Mal eine andere Art von Adrenalinstoß !

Nun denkt blos nicht, daß ich als frisch reingeschmeckter Frischling gleich das Beckmessern und Klugscheißen anfangen will. Aber ich hab hier ein paar Hinweise, die euch beim nächsten Segelschiffsprojekt vielleicht recht nützlich sein könnten :
Eine Bezugsquelle für einwandfreies Tauwerk wurde ja schon verlinkt. Aber bei den Unmengen an benötigten Takelgarnen aller möglichen Stärken, die für ein solches Unternehmen draufgehen, lohnt sich m.E. unbedingt der "poor man´s ropewalk", wie die engl. Kollegen die hauseigene Reeperbahn
so nennen. Nee, nix mit nackte Weibers : eine kleine, selbstgebaute Maschine zum Schlagen korrekter Taue, links- wie rechtsrum, von Geitaudicke bis hin zur Stärke von Festmacher- und Ankertrossen. Und marlen, trensen und bekleeden kann man die Enden auch noch gleich in der Maschine, wenn erforderlich, z.B. bei Wanten, Pardunen, Stagen usw.

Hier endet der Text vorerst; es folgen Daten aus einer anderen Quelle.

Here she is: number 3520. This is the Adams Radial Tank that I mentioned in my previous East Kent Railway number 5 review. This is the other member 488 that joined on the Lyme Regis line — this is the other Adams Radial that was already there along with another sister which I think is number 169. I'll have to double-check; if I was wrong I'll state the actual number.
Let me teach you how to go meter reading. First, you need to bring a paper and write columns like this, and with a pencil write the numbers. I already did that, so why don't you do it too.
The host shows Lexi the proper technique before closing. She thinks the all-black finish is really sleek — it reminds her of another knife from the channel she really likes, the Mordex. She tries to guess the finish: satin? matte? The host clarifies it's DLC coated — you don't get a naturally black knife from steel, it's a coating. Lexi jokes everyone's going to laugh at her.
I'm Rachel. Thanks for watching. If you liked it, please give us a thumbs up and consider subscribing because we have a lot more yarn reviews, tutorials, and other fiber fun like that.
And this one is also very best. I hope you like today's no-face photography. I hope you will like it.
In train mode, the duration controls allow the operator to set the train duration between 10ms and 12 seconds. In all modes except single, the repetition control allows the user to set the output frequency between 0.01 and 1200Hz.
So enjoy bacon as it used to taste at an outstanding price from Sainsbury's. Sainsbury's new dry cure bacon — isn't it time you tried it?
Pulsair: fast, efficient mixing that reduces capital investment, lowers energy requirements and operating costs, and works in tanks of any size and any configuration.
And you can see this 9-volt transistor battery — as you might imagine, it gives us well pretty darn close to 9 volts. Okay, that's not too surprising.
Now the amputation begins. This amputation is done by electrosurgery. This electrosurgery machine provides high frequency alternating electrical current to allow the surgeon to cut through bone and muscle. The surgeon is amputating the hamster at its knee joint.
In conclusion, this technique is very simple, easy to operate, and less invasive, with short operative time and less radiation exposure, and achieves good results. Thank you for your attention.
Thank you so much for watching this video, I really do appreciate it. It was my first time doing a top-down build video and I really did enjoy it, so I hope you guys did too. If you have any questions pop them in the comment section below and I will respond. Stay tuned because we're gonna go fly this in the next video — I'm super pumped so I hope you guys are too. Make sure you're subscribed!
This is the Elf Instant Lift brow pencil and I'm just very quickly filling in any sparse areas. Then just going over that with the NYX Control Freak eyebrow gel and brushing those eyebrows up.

Anleitungen zum Bau gibts in der Literatur wie im Netz reichlich, und kompliziert ist das auch nicht. Für kleines Geld könnt ihr damit euer ganzes Modellbauerleben lang Taue in beliebiger Länge herstellen, die den im obigen Link vorgestellten in nichts nachstehen. Der Vorteil zu dem im Linkk angebotenen : der oft reichlich anfallende Verschnitt ist bei den selber gedrehten Tauen im Gegensatz zu den gekauften Edelstrippen mit den konstant 5 m Länge locker zu verschmerzen. Als Ausgangsmaterial schlage ich "Supramid-Meterware" vor. Das ist veterinär-chirurgisches Nahtmaterial (Polyamidfaden) von der 100 m - Rolle, in Kabelform verdrillt, mit Stärken von 0,1 bis ca. 1,5 mm Ø, Kosten ca. 25.- € / 100 m EK für Tiermediziner. Die "Wirtschaftsgenossenschaft deutscher Tierärzte", Tel. 05131 705111, verkauft diese in Weiß unter den Bestellnummern 94020 bis 94029 für die Stärke "USB 4/0" bis zur Maximalstärke "USB 7", oder unter den Best.-Nr. 94030 - 94039 für dieselben Stärken in Schwarz. Zu haben sind die entweder beim Veterinär eures Vertrauens, der sich das innerhalb kurzer Zeit besorgen kann, oder ihr versucht es direkt bei der WdT, wenn die es für Zivilisten denn verkaufen. Damit habt ihr einen Faden ohne jedes Reck, der sich hervorragend zum Tau schlagen läßt, ohne Kinken zu werfen, und noch dazu einfärbbar ist. Blöcke einzustroppen oder kleine Augen zu spleißen sollte mit einem durch die stehende Part per Nähnadel gezogenen Garn und danach vorsichtiger Erwärmung des Stropps oder Spleißes mit der kleinsten Lötkolbenspitze (15 W. max.) bestens zu machen sein, ohne daß abgeschnittene Fadenenden das Gesamtbild verschlechtern. Wer erst mal aus Gründen der Detailtreue versucht hat, Taklings in 1:96 auf Tauenden aufzusetzen, und danach unter ruhigem Zureden seitens der Profis vom örtlichen Bezirkskrankenhaus auf der Bahre durch die Haustüre getragen wurde, wird jeder Arbeitserleichterung im Miniaturmodellbau etwas aufgeschlossener gegenüberstehen. Und wenn ihr erst mal wirklich absolut splißfreie Garne in den maßstabsgerechten Dimensionen auf euren Modellen verarbeitet habt, werdet ihr nichts anderes mehr sehen wollen.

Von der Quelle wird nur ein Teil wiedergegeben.